Take the listing below and print exactly the lines starting at the line containing "107 Half Moon" and ending at the line containing "Bixby Puente firmar.", both ends included, and no others.

** PROVIDED DATA **
---+---

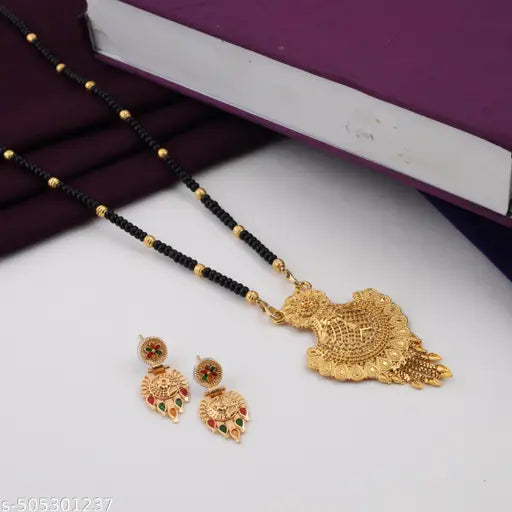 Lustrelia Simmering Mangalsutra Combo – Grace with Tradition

---+---

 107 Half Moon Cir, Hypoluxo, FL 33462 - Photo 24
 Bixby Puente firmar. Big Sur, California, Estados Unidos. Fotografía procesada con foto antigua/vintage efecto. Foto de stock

---+---

** EXERCISE OUTPUT **
 107 Half Moon Cir, Hypoluxo, FL 33462 - Photo 24
 Bixby Puente firmar. Big Sur, California, Estados Unidos. Fotografía procesada con foto antigua/vintage efecto. Foto de stock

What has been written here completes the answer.